### Task brief
Return only the stretch of the material below that begins with the line containing "Futuristic city with" and ends with the line containing "Hopewell 1-Light Bronze", exactly; both of those lines belong to it.

### Information shown ###

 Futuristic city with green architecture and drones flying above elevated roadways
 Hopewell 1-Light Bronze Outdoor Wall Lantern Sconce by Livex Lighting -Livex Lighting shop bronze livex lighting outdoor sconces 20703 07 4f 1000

###
### Information shown ###

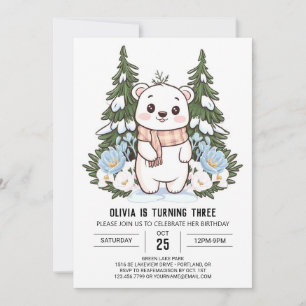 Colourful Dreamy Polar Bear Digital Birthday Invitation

###

### Task output
 Futuristic city with green architecture and drones flying above elevated roadways
 Hopewell 1-Light Bronze Outdoor Wall Lantern Sconce by Livex Lighting -Livex Lighting shop bronze livex lighting outdoor sconces 20703 07 4f 1000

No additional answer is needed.